● **HOW TO COMPLETE THIS TASK**
Set down the data below without change, skipping the pictures it holds.

● **GIVEN INFORMATION**
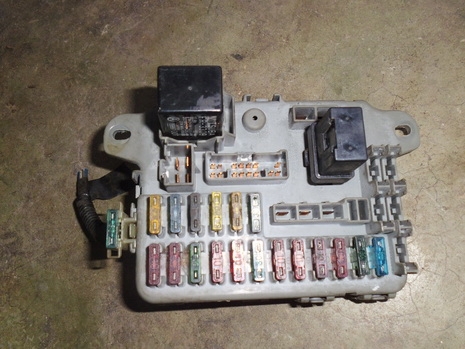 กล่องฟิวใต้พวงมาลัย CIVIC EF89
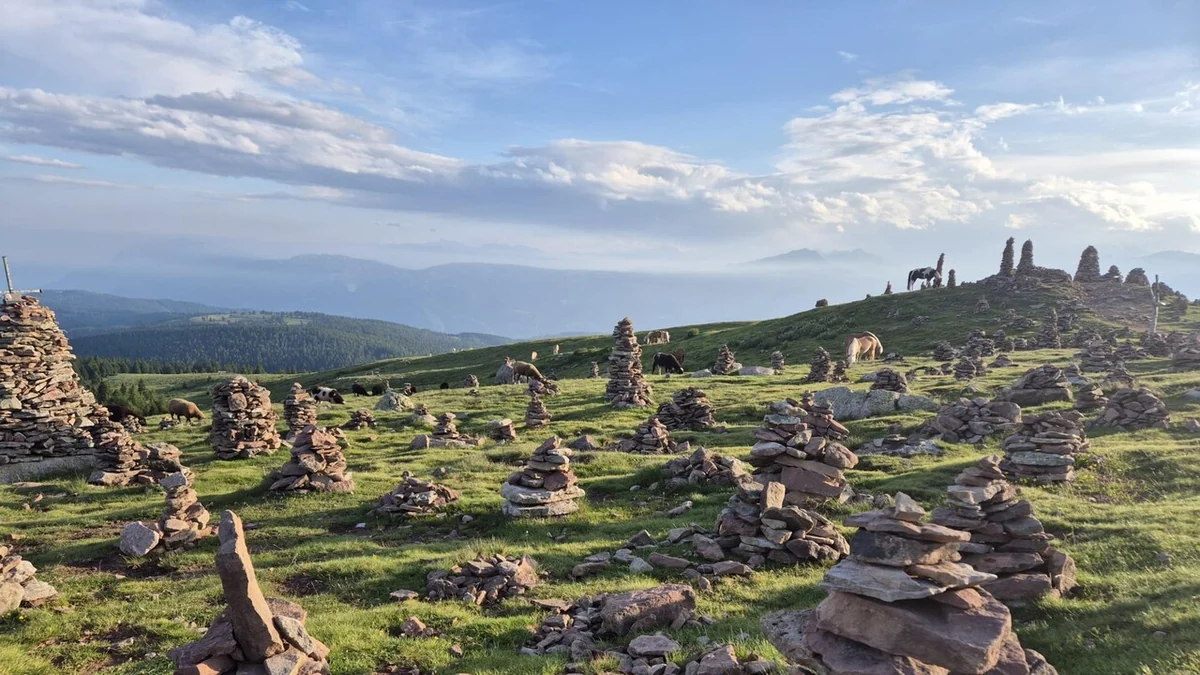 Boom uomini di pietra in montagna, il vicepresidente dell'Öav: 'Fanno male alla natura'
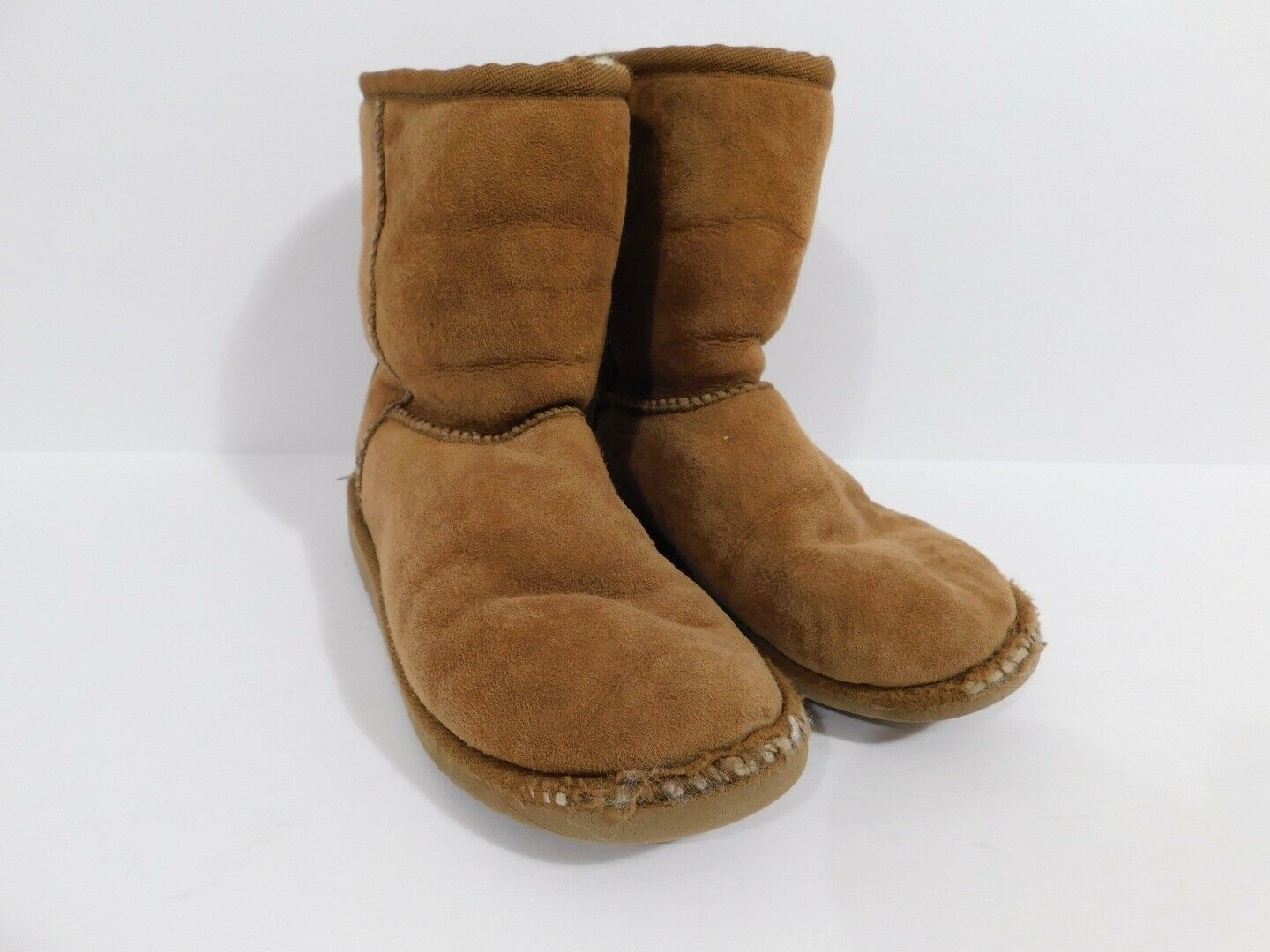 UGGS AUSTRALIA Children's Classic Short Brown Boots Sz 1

● **THE COMPLETED TASK**
 กล่องฟิวใต้พวงมาลัย CIVIC EF89
 Boom uomini di pietra in montagna, il vicepresidente dell'Öav: 'Fanno male alla natura'
 UGGS AUSTRALIA Children's Classic Short Brown Boots Sz 1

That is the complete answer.